A particular case is people suffering from depression often have to go through a whole series of treatment plans, often including home remedies and off-label medication usage, before they arrive at something approaching a cure. Given that baseline, it probably doesn't hurt much if randos supply some tips which worked for them.

Re: On ERE and Mental Health issues

Posted: Wed Nov 27, 2019 11:47 pm
by sumac
My experience somewhat aligns with ZAFCorrection's and horsewoman's, esp. regarding the necessity of designing lifestyle around limitations. Reducing masking (by at least an order of magnitude from what a typical office job and roommate situation would look like) and heavily guarding baseline sleep, food, movement, social habits are two major components of my being able to have a decent quality of life despite a long history of depression, suicidal thinking, and various sensory/executive function issues associated with being on the autism spectrum.

The other major component was spending several years putting mental stability above other aspects of my work, which I know is a tough sell when work is often so tied up in identity.

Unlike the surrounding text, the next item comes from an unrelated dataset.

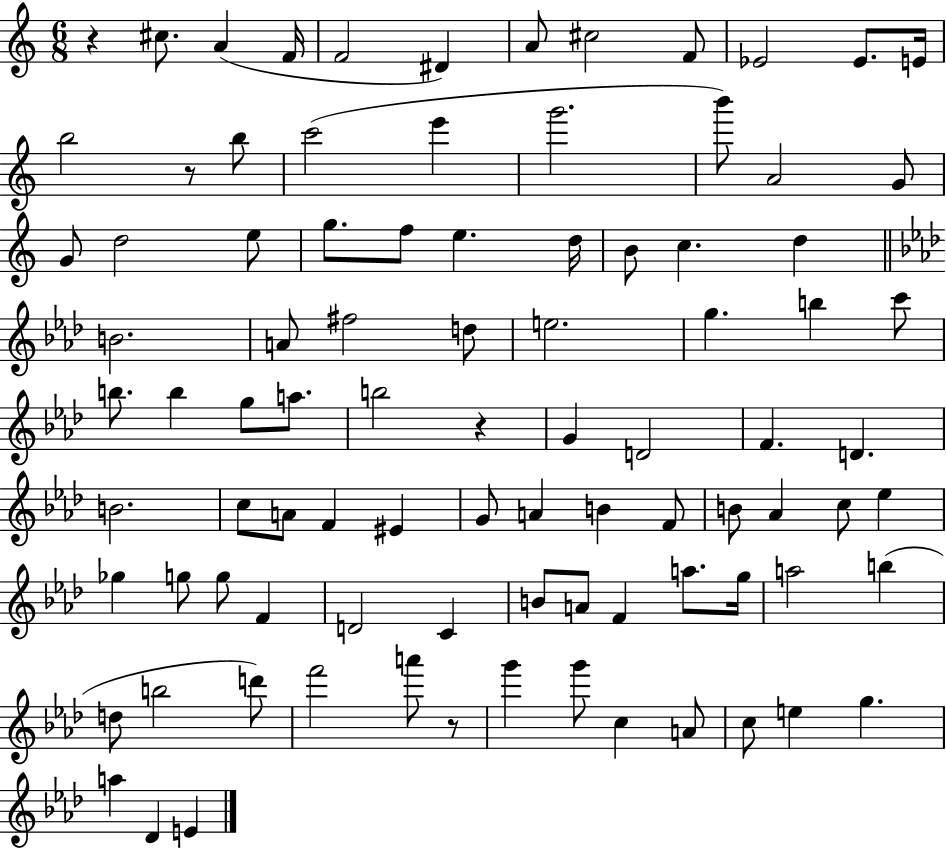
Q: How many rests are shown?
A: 4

I lucked into getting two years of free therapy,* and spent probably 10-15 hours a week practicing new thought patterns and retraining old ones. Then moving on to how those thoughts turn into actions turn into habits turn into perspectives and identity. I view this set of things as something that's easy to take for granted when they're in good shape, but seem to be a crucial prerequisite/complement to the more commonly discussed components of the ERE toolbox.

Also it's worth noting that some things can be changed over time, and others may only be manageable. Preventing downward spirals and bad feedback loops are 80% of the battle for me, at least with depression, relationships, and executive function. This feels much more achievable than aiming toward feeling happy most of the time. As a side effect, managing those things often has allowed in more joy or improved baseline contentment.

So after 5-7 years it now feels like I'm at what for many other people was a starting point. But I don't mind, because I might never have gotten there otherwise. Or I might've singlemindedly pursued a career path and then blown up spectacularly, unable to enjoy my life because I'd achieved financial gains without the mental ability to use it well, or worse.

*Funny story about this - my insurance never went through with my provider, but he didn't notice until a year in, so he extremely graciously allowed me to continue with him on a pro bono basis until I was ready to move on. There are other options for accessing low-cost mental health care, and not all of them are formal. My time in therapy was most helpful as an ongoing catalyst for mental shifts, rather than for improving immediate coping methods. Your mileage may vary, but I'm happy to elaborate on my experiences with any of this.